**Required action**. Print the entries below again exactly as they stand, but skip any picture.
- - - -
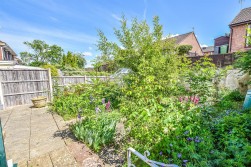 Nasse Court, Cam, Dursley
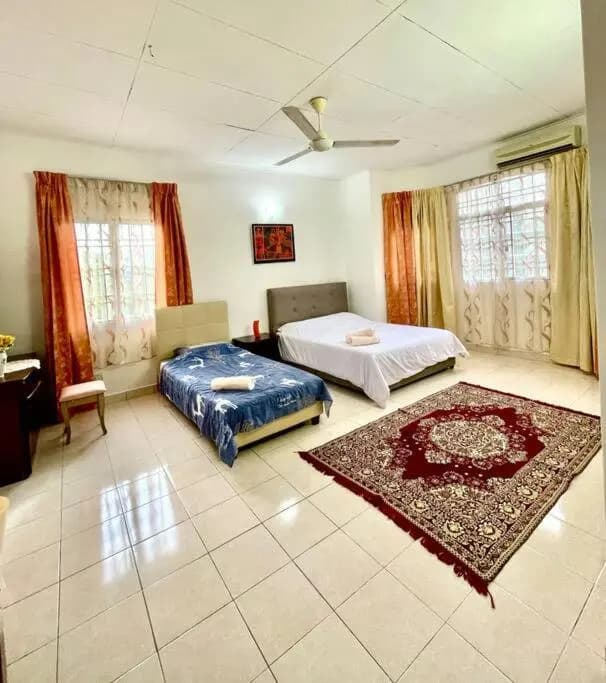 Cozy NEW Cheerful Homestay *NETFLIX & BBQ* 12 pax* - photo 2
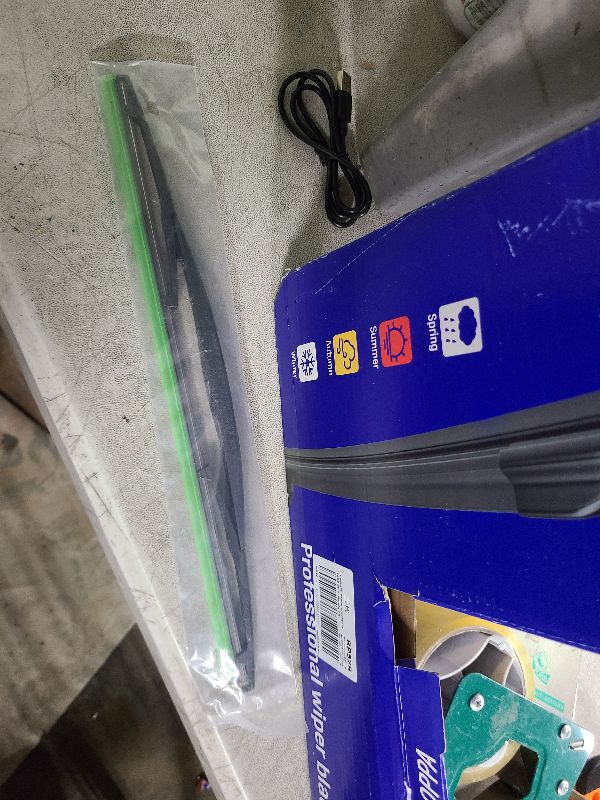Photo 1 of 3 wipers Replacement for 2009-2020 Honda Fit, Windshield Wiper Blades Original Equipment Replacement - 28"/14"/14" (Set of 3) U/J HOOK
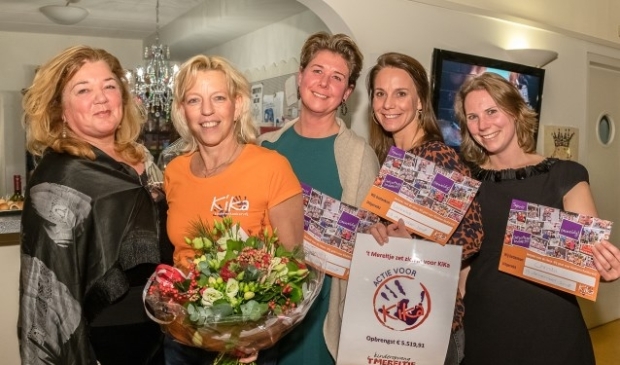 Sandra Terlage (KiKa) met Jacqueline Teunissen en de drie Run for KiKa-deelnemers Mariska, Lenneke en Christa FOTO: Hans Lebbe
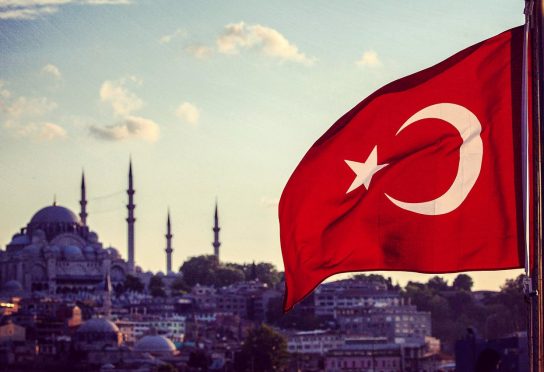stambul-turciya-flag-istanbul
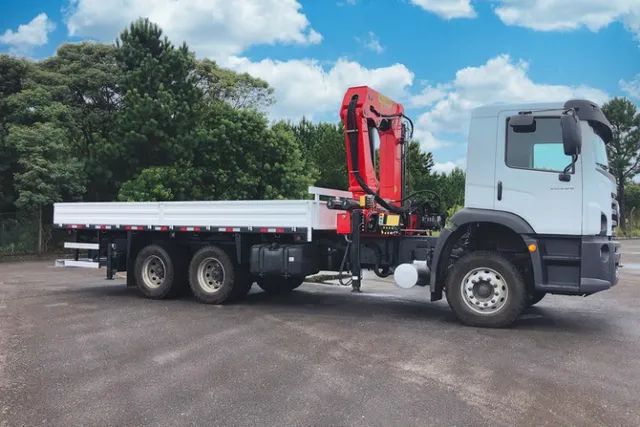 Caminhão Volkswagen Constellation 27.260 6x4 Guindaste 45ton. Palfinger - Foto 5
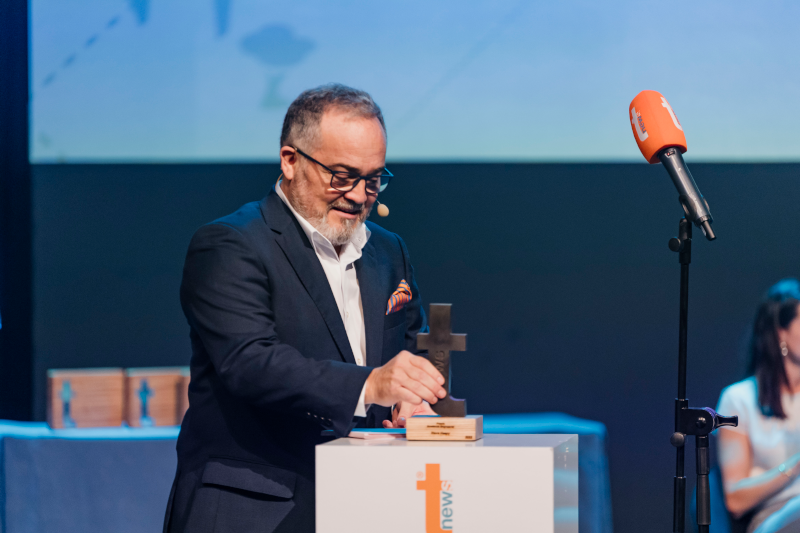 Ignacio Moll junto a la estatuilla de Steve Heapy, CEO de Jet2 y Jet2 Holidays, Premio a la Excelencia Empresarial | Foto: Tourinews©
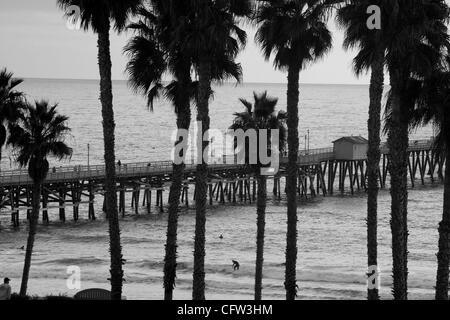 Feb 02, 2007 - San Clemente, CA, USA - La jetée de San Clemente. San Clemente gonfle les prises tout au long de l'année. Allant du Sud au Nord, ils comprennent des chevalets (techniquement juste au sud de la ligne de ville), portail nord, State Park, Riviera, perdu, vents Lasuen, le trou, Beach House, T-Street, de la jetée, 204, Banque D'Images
- - - -
**Result below**.
 Nasse Court, Cam, Dursley
 Cozy NEW Cheerful Homestay *NETFLIX & BBQ* 12 pax* - photo 2
Photo 1 of 3 wipers Replacement for 2009-2020 Honda Fit, Windshield Wiper Blades Original Equipment Replacement - 28"/14"/14" (Set of 3) U/J HOOK
 Sandra Terlage (KiKa) met Jacqueline Teunissen en de drie Run for KiKa-deelnemers Mariska, Lenneke en Christa FOTO: Hans Lebbe
stambul-turciya-flag-istanbul
 Caminhão Volkswagen Constellation 27.260 6x4 Guindaste 45ton. Palfinger - Foto 5
 Ignacio Moll junto a la estatuilla de Steve Heapy, CEO de Jet2 y Jet2 Holidays, Premio a la Excelencia Empresarial | Foto: Tourinews©
 Feb 02, 2007 - San Clemente, CA, USA - La jetée de San Clemente. San Clemente gonfle les prises tout au long de l'année. Allant du Sud au Nord, ils comprennent des chevalets (techniquement juste au sud de la ligne de ville), portail nord, State Park, Riviera, perdu, vents Lasuen, le trou, Beach House, T-Street, de la jetée, 204, Banque D'Images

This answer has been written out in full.